- **Records shown**
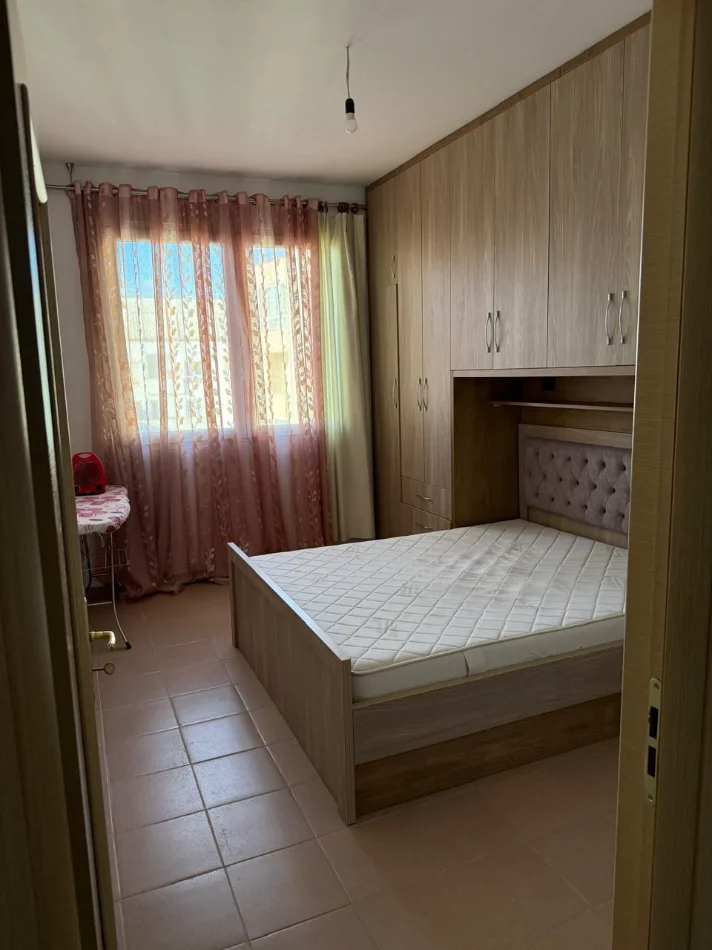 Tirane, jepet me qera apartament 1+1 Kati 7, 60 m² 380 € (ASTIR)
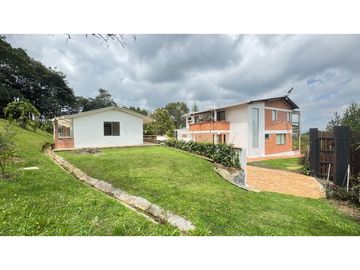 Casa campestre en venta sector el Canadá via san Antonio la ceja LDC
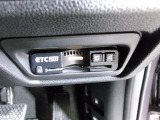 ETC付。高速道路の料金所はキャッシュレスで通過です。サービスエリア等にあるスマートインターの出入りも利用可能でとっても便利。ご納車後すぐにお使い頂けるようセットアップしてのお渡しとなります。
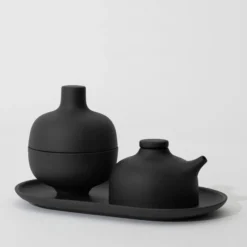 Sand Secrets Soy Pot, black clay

--

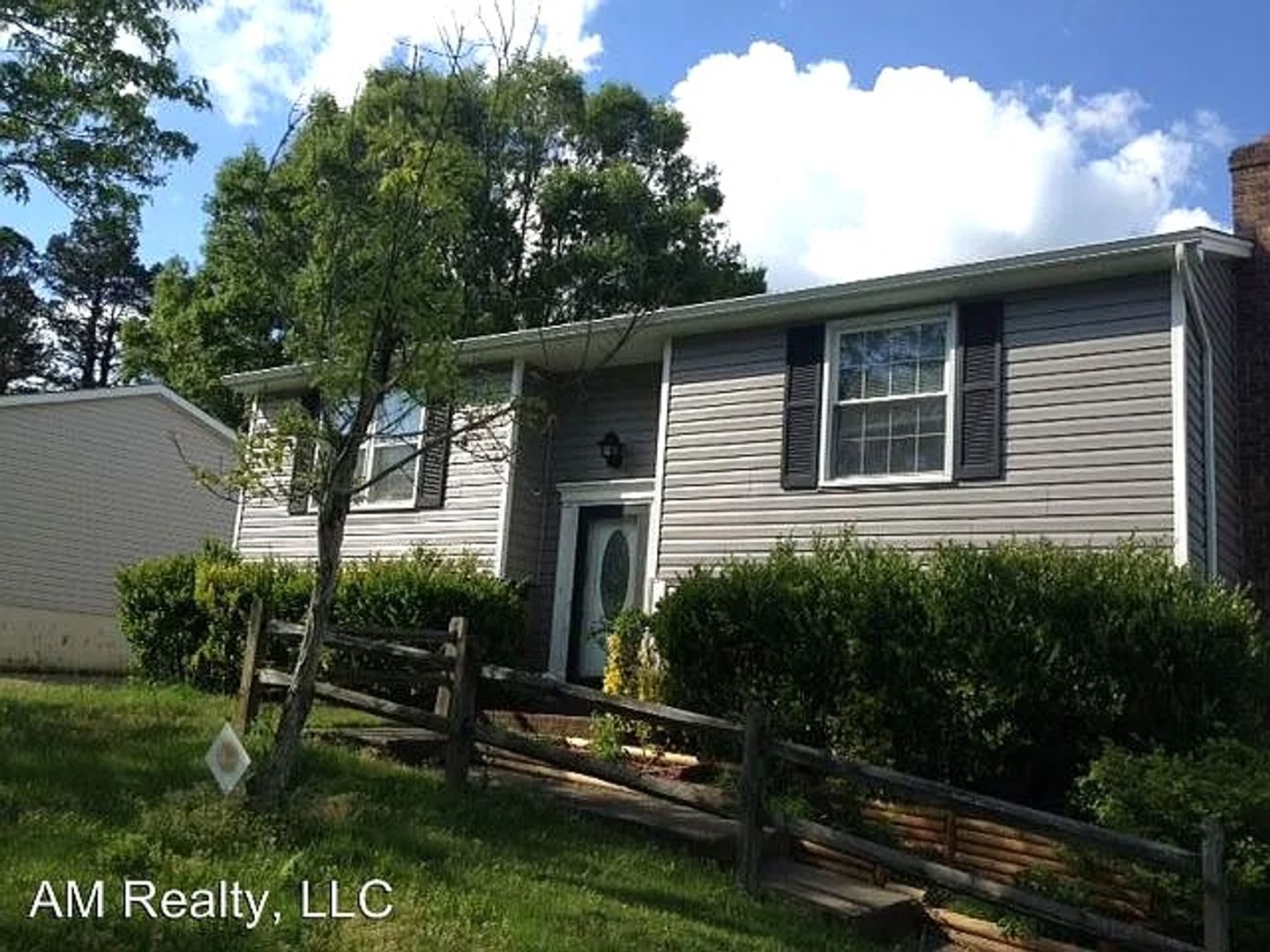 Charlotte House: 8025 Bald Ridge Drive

- **What the task requires**
Reproduce the entries exactly, from the line with "Tirane, jepet me" to the line with "ETC付。高速道路の料金所は", both lines included, keeping no pictures.

- **Solution to this task**
 Tirane, jepet me qera apartament 1+1 Kati 7, 60 m² 380 € (ASTIR)
 Casa campestre en venta sector el Canadá via san Antonio la ceja LDC
 ETC付。高速道路の料金所はキャッシュレスで通過です。サービスエリア等にあるスマートインターの出入りも利用可能でとっても便利。ご納車後すぐにお使い頂けるようセットアップしてのお渡しとなります。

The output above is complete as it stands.